We need Superstar Andy to hold the reign this week I think!

Next week we will do our bit - hey?


----------



## Andy HB

lucy123 said:


> We need ..... Andy to hold the reign this week I think!
> 
> Next week we will do our bit - hey?



(I'm far too modest to quote all of that - I type immodestly)

One is trying one's best right up to Xmas! 

A pound gain is neither here nor there, Steffie (atleast that is what I tell myself too). But, a loss of a pound is ALWAYS significant! 

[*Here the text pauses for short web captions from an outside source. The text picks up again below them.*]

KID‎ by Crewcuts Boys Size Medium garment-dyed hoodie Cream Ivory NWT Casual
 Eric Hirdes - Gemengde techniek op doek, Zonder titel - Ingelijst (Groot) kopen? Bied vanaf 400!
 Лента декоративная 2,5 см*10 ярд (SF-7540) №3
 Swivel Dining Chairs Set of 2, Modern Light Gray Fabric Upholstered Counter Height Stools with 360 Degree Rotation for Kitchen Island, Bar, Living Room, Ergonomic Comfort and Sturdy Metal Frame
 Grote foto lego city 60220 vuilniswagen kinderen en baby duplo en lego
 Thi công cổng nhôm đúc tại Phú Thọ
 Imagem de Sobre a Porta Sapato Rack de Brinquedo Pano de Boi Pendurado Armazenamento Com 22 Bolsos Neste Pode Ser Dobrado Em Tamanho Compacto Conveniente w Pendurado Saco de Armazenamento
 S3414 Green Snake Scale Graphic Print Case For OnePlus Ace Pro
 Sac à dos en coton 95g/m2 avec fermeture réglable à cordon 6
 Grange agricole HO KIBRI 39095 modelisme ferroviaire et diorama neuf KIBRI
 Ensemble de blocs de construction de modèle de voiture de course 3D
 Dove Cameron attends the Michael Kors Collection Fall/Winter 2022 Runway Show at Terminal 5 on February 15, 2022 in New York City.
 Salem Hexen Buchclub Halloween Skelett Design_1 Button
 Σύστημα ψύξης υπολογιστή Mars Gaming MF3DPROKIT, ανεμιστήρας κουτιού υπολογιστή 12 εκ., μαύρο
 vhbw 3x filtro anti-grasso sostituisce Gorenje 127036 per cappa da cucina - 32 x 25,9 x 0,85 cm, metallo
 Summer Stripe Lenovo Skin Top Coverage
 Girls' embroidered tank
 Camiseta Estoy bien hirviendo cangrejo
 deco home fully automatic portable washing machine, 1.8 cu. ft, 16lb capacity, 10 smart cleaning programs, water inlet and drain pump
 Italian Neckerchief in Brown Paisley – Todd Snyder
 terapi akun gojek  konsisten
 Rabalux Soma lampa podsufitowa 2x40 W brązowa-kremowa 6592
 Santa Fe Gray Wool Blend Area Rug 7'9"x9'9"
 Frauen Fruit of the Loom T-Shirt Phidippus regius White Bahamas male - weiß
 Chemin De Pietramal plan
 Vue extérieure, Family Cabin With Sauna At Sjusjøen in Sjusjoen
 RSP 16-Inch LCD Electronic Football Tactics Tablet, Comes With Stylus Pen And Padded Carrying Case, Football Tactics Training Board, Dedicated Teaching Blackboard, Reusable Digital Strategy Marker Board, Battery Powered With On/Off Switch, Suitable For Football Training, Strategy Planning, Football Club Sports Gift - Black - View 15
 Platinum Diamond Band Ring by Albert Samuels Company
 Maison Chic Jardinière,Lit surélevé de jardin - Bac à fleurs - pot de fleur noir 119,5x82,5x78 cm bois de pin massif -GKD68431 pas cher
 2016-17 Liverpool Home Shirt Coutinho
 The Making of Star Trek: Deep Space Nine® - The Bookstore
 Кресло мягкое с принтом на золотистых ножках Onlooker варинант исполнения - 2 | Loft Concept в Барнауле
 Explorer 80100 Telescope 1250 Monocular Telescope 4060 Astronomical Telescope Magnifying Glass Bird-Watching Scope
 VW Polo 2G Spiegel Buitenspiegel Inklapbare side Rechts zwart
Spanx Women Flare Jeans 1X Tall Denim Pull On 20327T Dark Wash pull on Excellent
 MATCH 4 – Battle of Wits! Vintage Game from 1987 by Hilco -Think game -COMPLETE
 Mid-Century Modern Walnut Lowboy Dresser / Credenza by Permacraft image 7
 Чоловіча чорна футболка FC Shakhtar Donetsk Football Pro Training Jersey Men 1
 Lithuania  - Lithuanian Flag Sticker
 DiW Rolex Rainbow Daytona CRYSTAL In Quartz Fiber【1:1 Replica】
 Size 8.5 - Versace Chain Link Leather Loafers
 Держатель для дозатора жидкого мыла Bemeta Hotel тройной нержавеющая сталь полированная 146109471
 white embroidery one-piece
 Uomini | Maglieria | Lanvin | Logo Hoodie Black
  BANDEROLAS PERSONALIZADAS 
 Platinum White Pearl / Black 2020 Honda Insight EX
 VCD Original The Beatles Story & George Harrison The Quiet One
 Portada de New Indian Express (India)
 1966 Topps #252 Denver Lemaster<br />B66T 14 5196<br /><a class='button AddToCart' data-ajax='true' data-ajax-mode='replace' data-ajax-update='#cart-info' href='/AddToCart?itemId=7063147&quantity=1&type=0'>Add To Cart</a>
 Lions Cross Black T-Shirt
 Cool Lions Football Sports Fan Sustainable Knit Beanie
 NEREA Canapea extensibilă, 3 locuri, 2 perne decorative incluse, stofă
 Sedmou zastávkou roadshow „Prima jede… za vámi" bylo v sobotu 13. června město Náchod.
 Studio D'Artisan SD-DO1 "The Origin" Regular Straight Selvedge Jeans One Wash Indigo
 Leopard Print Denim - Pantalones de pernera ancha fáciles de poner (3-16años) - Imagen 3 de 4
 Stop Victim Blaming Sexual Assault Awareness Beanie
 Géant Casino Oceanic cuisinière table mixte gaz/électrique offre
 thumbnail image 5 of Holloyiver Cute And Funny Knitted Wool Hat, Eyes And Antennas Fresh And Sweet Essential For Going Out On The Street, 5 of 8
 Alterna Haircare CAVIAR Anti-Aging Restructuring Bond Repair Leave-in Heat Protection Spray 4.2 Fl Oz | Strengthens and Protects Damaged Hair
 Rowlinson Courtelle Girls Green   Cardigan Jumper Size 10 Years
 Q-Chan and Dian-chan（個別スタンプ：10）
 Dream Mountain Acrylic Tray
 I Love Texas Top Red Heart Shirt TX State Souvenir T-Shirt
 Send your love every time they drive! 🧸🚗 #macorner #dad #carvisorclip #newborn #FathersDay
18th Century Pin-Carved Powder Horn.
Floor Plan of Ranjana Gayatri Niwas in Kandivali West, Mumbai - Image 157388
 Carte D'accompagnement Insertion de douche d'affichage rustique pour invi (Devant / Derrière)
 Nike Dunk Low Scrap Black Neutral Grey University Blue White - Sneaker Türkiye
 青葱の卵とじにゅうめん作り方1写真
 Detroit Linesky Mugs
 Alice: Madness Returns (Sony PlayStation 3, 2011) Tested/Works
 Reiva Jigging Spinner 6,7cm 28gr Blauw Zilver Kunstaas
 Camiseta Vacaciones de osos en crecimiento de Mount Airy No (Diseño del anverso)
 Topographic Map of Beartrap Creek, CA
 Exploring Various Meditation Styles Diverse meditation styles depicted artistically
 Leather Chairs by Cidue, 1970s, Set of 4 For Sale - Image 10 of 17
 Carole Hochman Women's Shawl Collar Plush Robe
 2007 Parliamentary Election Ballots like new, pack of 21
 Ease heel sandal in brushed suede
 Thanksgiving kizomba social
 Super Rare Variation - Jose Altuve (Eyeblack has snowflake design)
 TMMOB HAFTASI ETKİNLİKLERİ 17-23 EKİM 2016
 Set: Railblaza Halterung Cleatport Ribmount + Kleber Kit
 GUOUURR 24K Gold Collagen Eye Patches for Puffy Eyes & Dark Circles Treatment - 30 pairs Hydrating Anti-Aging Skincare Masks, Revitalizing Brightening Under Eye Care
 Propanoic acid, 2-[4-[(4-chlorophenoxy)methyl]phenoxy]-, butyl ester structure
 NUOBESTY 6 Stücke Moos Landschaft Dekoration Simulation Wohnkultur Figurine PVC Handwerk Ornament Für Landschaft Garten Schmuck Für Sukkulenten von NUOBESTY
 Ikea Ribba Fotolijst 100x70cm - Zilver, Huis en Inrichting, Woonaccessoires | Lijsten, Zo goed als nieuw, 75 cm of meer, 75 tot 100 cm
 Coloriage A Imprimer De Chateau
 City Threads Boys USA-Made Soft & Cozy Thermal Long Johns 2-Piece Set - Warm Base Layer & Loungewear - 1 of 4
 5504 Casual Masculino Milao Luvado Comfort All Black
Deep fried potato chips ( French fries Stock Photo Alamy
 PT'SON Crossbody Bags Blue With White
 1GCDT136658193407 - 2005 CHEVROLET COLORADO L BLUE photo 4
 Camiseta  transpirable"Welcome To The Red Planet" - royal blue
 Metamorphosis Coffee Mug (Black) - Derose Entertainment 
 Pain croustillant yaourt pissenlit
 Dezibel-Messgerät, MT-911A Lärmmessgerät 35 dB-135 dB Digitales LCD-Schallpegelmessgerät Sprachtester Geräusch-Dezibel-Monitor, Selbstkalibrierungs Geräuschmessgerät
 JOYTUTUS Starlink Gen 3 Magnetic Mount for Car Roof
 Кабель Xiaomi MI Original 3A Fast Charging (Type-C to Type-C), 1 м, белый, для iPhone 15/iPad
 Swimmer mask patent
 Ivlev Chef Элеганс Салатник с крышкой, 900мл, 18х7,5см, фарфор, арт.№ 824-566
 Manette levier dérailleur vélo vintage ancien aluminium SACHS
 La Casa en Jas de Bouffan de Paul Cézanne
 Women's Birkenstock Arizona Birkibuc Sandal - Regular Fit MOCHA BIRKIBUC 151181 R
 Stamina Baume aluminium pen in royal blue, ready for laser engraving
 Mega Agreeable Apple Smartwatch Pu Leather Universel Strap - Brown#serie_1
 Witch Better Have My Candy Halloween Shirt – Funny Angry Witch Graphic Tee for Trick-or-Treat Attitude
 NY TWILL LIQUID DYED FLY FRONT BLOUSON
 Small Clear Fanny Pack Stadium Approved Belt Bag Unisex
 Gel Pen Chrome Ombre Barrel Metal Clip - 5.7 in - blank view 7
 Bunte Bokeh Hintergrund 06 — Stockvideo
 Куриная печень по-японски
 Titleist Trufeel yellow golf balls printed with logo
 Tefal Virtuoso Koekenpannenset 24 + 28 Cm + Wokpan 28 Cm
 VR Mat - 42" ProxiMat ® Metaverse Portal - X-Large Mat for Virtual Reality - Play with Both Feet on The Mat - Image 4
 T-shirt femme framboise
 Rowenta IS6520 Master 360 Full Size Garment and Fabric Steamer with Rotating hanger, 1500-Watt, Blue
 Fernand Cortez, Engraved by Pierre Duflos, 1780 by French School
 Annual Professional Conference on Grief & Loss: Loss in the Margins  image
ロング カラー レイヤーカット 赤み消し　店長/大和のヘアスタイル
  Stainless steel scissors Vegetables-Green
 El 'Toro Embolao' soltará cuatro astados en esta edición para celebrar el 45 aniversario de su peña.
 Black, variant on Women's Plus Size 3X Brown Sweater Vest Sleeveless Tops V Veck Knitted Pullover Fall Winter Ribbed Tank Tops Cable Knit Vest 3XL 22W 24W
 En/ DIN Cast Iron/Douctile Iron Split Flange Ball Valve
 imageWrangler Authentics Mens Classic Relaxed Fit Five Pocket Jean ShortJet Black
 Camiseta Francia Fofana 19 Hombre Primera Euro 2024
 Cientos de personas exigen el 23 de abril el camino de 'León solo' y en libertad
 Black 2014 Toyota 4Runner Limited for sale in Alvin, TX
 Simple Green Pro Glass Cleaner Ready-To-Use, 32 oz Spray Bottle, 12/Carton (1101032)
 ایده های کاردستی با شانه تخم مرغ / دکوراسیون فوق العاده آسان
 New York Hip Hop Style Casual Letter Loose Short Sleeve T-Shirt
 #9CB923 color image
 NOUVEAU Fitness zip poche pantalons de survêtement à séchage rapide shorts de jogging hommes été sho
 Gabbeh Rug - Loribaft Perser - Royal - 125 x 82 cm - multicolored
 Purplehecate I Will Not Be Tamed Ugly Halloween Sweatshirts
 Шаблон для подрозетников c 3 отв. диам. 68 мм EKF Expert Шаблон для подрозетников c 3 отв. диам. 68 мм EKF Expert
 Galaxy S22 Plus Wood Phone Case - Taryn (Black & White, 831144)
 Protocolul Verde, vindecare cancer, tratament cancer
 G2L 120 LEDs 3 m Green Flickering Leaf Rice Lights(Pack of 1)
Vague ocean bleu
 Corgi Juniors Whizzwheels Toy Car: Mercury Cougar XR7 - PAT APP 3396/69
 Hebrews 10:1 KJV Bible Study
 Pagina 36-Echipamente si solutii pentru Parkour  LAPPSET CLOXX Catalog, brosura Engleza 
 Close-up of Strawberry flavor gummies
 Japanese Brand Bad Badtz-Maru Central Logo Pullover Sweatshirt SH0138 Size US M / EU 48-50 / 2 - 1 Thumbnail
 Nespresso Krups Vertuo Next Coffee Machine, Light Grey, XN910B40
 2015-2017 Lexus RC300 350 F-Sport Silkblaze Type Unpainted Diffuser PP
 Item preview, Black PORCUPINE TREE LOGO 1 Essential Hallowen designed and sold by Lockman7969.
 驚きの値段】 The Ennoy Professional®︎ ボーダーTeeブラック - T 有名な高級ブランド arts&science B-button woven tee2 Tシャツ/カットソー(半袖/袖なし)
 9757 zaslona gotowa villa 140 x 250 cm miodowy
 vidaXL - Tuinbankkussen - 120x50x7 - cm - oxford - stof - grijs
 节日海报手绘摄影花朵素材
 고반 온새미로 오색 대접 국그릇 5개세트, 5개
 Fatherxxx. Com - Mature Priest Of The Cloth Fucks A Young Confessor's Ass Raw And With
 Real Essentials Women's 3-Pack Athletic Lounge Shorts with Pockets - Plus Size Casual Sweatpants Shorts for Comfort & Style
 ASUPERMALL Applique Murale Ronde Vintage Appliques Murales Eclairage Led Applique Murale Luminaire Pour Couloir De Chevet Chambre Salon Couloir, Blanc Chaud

I look forward to you losing that pound and more again and hope your levels even out quickly too.


----------



## katie

Stayed the same this week, but ive been pretty bad!


----------



## Emmal31

I also stayed the same this week I've been stuck in doors for a while now haven't been swimming for a week because I don't want to drive there whilst there's still snow. Haven't been getting out for my walks either due to not really being able to walk and pram and snow doesn't mix well.


----------



## Sheilagh1958

For the last month or so I have been playing with the same few pounds on and off they went but this week I am really chuffed as I have lost 2 pounds  

 and its a special 2 pounds as it takes me down into the next stone so now 12stone 2 pounds. I f I can manage to loose another 2 pounds before Christmas I will have lost 2 stone since September.

10 st 3.5 pounds


----------



## cazscot

I have lost 4lbs (in 2 weeks as didnt make it to wi last Sat) taking me back to 14st 10.5lbs but I am still 2lbs heavier than a few weeks ago so I am not updating the group total until I get back to that weight.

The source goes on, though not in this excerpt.